Why Europe Sags

[Editorial, The Wall Street Journal, August 18, 2003]



Europeans wondering why Europe is registering 0% growth and the German economy has shrunk for three straight quarters are coming up with the usual suspects. It's the euro, or the European Central Bank, or the heat wave, the argument goes. Wrong all.

Let's start with the euro. There are usually two cases put forth to explain how the euro is holding back European economies. The first, usually made by English Tories, is that the single currency restricts the national use of monetary policy to spur growth. In these times, so the story goes, German interest rates should be much lower than the ECB's 2% key refinancing rate, which is applicable to all 12 nations in the euro.

The second, more sophisticated case is that the euro's Stability Pact, which in theory at least bars budget deficits from rising above 3%, makes it impossible to run a "stimulative" fiscal policy. Though this is a better argument, it is also unsound.

Those who make these arguments are saying in effect that a country ought to be able to devalue its currency to help exporters. Devaluation is a tax on savers -- especially the middle class. Externally, it often leads to rounds of competitive devaluations (beggaring they neighbor) that bring on inflation and global monetary instability. Because it had the experience of Weimar doing just this, the pre-euro Bundesbank never allowed its precious mark to be savaged. On the contrary, it defended the coin like a lion. It is sophistry to suggest matters would be different now if Germany still had a separate currency.

We would have a great deal more sympathy for the arguments against the Stability Pact if Keynesian spending and supply-side tax cuts were not mindlessly equated. Government spending usually means the misallocation of scarce resources, and must be funded by taxes, whether in the present or future through borrowing.

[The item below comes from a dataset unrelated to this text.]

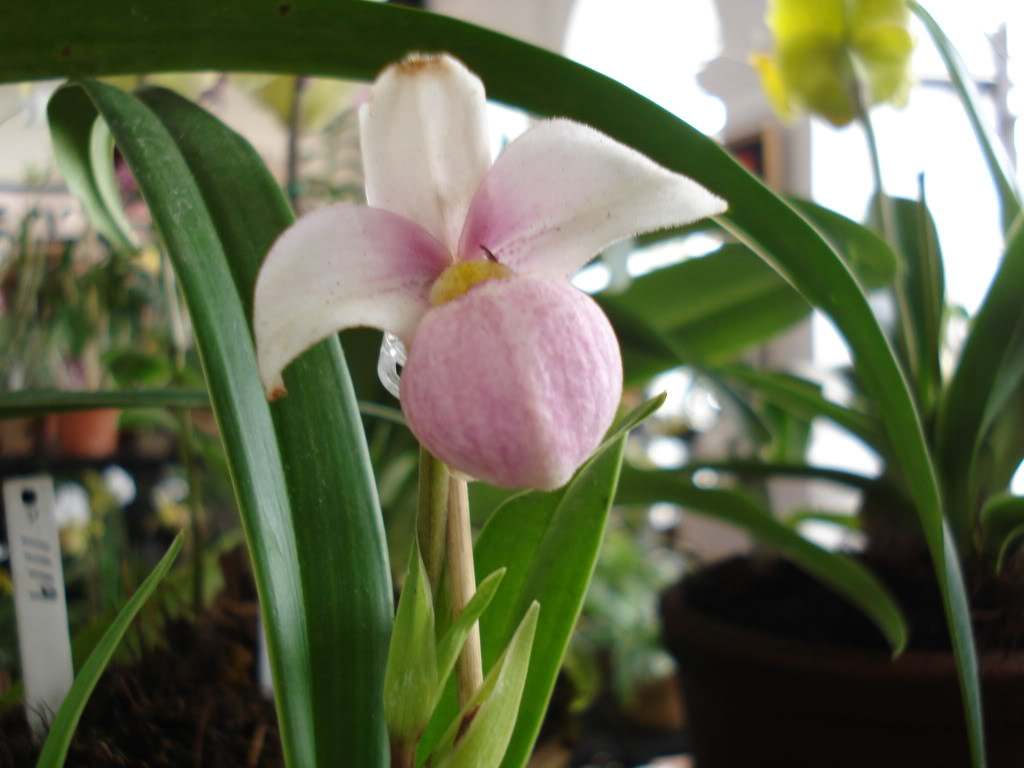 miamiorquis374.jpg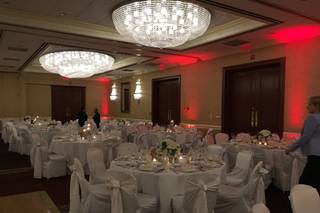 DoubleTree by Hilton Lisle Naperville - 5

We can't see how any of this can get an economy out of recession.

But it is true that the Stability Pact has stopped tax cuts, which do stimulate economies, especially when they lower top marginal rates. Even borrowing to cover a deficit caused by tax cuts often makes sense, as the new business generated will probably pay for the financing without the need for higher taxes. More and more European governments are acknowledging this truth and going ahead with tax cuts, though it is still too early to realize the effects.

Lowering the interest rate central banks control seldom helps, as years of 0% rates in Japan should attest. If businesses have no confidence that things are getting better they won't make investments, no matter how inexpensive money is. The bank should rather aim at keeping money supply in equilibrium with the demand for it.

ECB President Wim Duisenberg shares this sentiment. Soon after the bank's last rate cut, on June 6, he declared: "We have done our part. It's now the case that governments . . . can no longer hide behind the ECB in order to cover up their failure to enact the structural reforms, which are so urgently required for Europe."

Which brings us to the real culprit for Europe's stagnation: "social policies" that sap initiative and creativity. These laws also make markets so sticky that they are often unable to react to rational policies. The welfare state has the very antisocial consequences of high structural unemployment and no growth.

Companies hit by the current high value of the euro, or the global recession, are prevented from laying off workers at the same rate as their competitors overseas, to take one of the most egregious examples. So productivity has sagged in Europe during this recession. This makes the recession longer and more painful for everyone.

The euro is high for exporters in every country and it prevents all from devaluing. And yet, we observe that those countries that have the least rigid economies -- such as Ireland and Spain -- have been growing these past two years. Their economies are more susceptible to stimulus, and less costly. The German economy, on the other hand, has shrunk in five out of the past six quarters.

Where Germany goes so will Europe. Chancellor Gerhard Schroeder has put his finger to the wind and has had to introduce some reforms this year. But he'll need to be more courageous than he's been so far. So will his counterparts. Hitching their wagons to the U.S. locomotive won't do this time.